プロローグにはこう書かれています。つまり、心はイリュージョンであるからこそ、幸せになれるという考え方を、本書で示そうとされているのです。


私は、幼いころから、できることならばこの私というもの(霊魂としての私)が不滅の存在であってほしいと思っていた。しかし、残念ながら最近はどうしてもそうは思えない。
 今の私は、私たち人間は虫けらと同じ単なる生物に過ぎないと思う。この豊かな感受性と豊かな心の質感を持つ私たちの心というものさえも、虫けらの脳にちょっと付け加えられた機能に過ぎないと思っている。
」(p.23)

一方、目的論的機能主義からみると、物質の振舞いとは独立な現象的意識が進化的に生じるとは極めて考えにくい。私は、そうではなく、心身一元論に立脚し、脳のニューラルネットワークによって、意識の現象的な側面が(あくまでイリュージョンとして)作られていると考える。
 心身一元論に立脚するか、二元論に立脚するかは、先ほども述べたように、一種の信念だ。神を信じるか否か、あるいは自由主義と共産主義はいずれが本質的と考えるか、と問うのと似て、個人個人の過去の深く長い経験から帰納して、どちらが直感的に妥当だと考えるかを選択するしか、残念ながら形而上の議論にピリオドを打つ方法はない。
」(p.48-49)

このように前野教授は、自分の直感からして脳がイリュージョンとして心を生み出しているだけであり、脳(身体)とは別に意識(心、魂)が存在するという二元論には賛同できないと言われています。


つまり、物理的にさすることも重要だが、人が触ると思うことによる精神的な安心感が重要らしい。
 したがって、大人も子供も、「痛いの痛いの……」とおまじないをいって、さすったり他のことに注意を向けさせたりすれば、痛みを和らげることができるのだ。
」(p.96-97)

痛みを緩和させる具体的な方法として、さすればいいと前野教授は言います。これは、他の刺激によって痛みの刺激を忘れさせる(分散させる)という効果と、他の人に何かをしてもらったという精神的な作用があると考えられるのだそうです。
私も、レイキは痛みに強い(効果がある)と実感しているのですが、そういうことがあるのかもしれませんね。

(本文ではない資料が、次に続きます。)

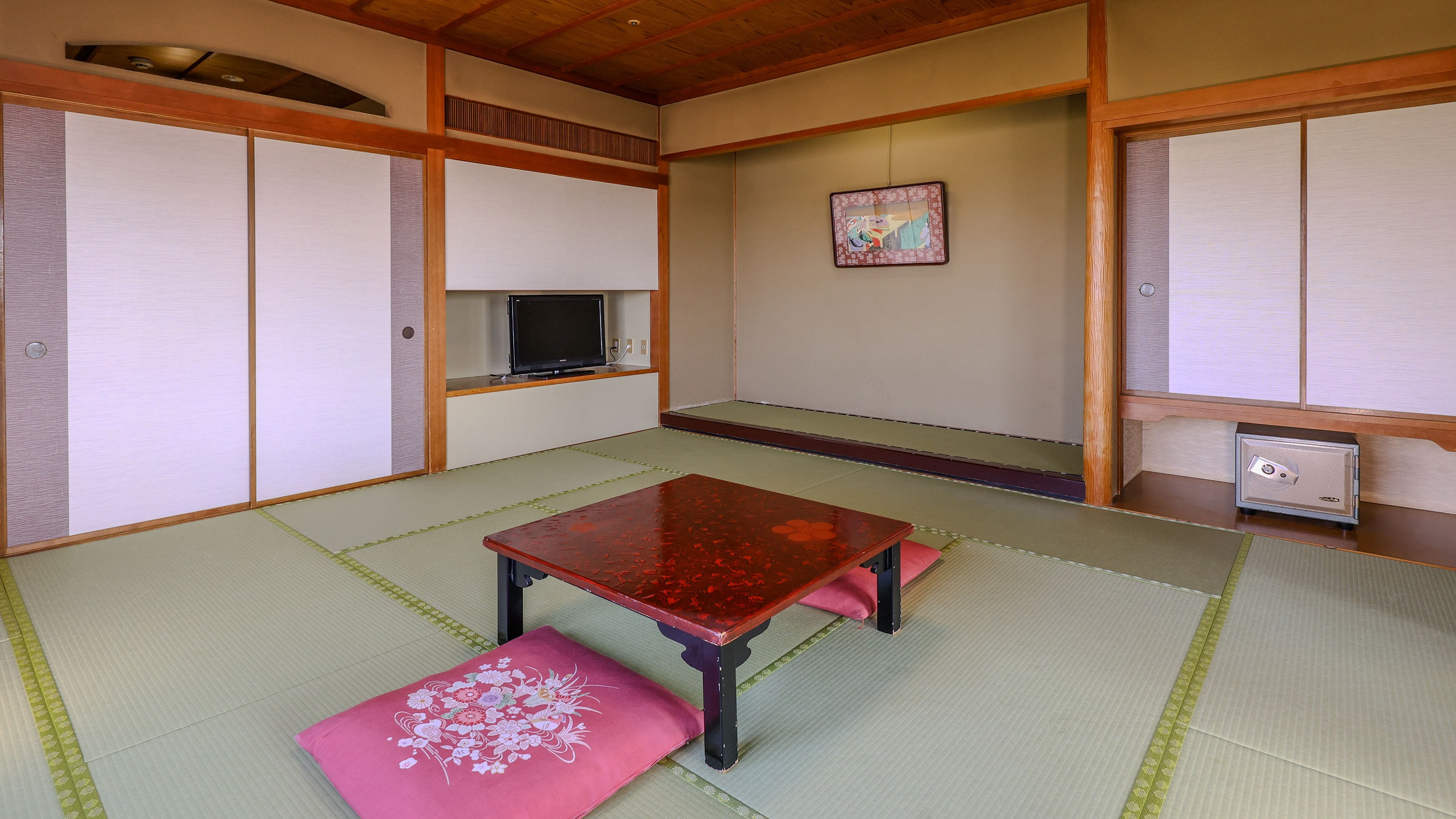 [Non-smoking] Standard Japanese-style room 12 tatami mats + 6 tatami mats with indoor bath *Image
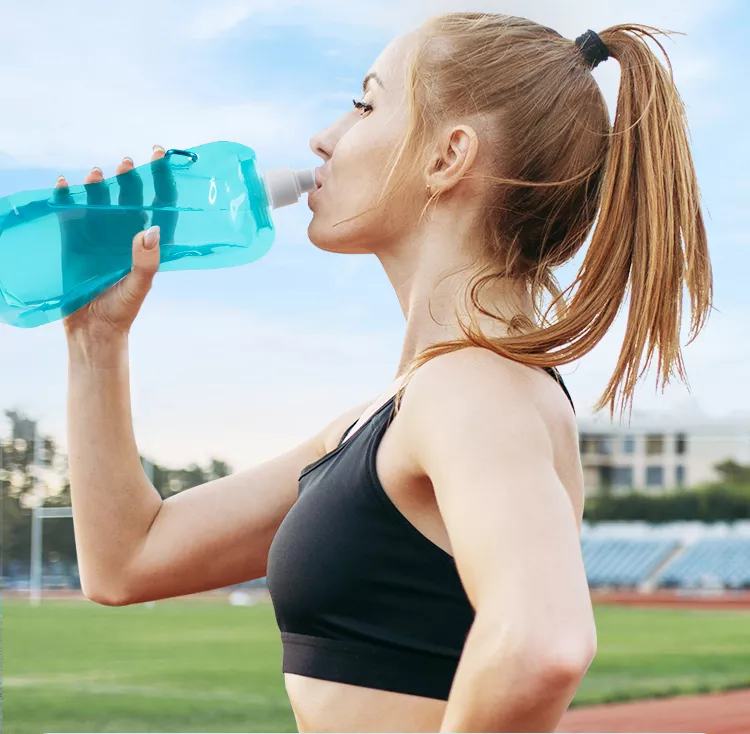 compact-hydration-pack:-collapsible-water-bottle-pouch-&-small-bag-of-water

私たちは普通にものを見ていると思っているが、そうではない。色や明るさは目と脳が作り出したものであり、本来世界には存在しない。だから、目の前にこんなに鮮やかで巨大な空間が存在しているように見えているということは、ものすごいイリュージョンなのだとしか言いようがないのだ。」(p.137)

「見える」というのは、目に飛び込んでくる様々な電磁波の中から光と呼ばれる特定範囲の電磁波を、その周波数や強度や方向に応じて脳内にマッピングして描きあげたイリュージョンなのだと言います。たしかにそうですね。
たとえば犬は色がわからず白黒の世界を見ていると言われますが、要は周波数を区別していないということなのでしょう。人間は、周波数を「色」という概念で置き換えてイメージしている、ということですね。

物とエネルギーだけは存在するといったが、五感なしには、物とエネルギーの概念を定義することも理解することもできない。したがって、物とかエネルギーという名前を付けることもできない、物とかエネルギーとは呼べない、なんでもない何かしか存在しないということになる。
 感覚がなければ、宇宙など、ないも同然だ。もちろん、名前の付けようもない「それ」は存在しているのだが、もはや存在しないのと大差ない。
」(p.148)

この部分を読んで、実に「神との対話」で言われていることと似ているなぁと思いました。神は絶対的な存在であり、したがって神が何かという定義ができないのです。「あってあるもの」「存在のすべて」と便宜上は言ってみるもものの、「それ」でもかまわないのです。
なぜ定義できるようになるかと言えば、この相対的な世界においてだけなのです。相対的だから「これ」と「あれ」を区別することができ、それに名前を付けることが可能になります。したがって、相対的な世界と、それを感じられる私たちの感覚(五感)というものは、密接不可分のものだと思います。

天国があったとして、その世界にいる人は、身体がない。感覚器官もない。だから、感覚はないはずだ。逆に、死後も視覚などの感覚があるのだとしたら、生きている人の視神経や脳が視覚情報を作る必要はないことになる。なぜなら、死後の感覚というような便利なものがあるのなら、わざわざ脳というハードウエアでそれを実現する必要がないというものだ。死後に感覚があるのだったら、この現実に存在している感覚器官は何のためにあるのか、ということになってしまう。」(p.150)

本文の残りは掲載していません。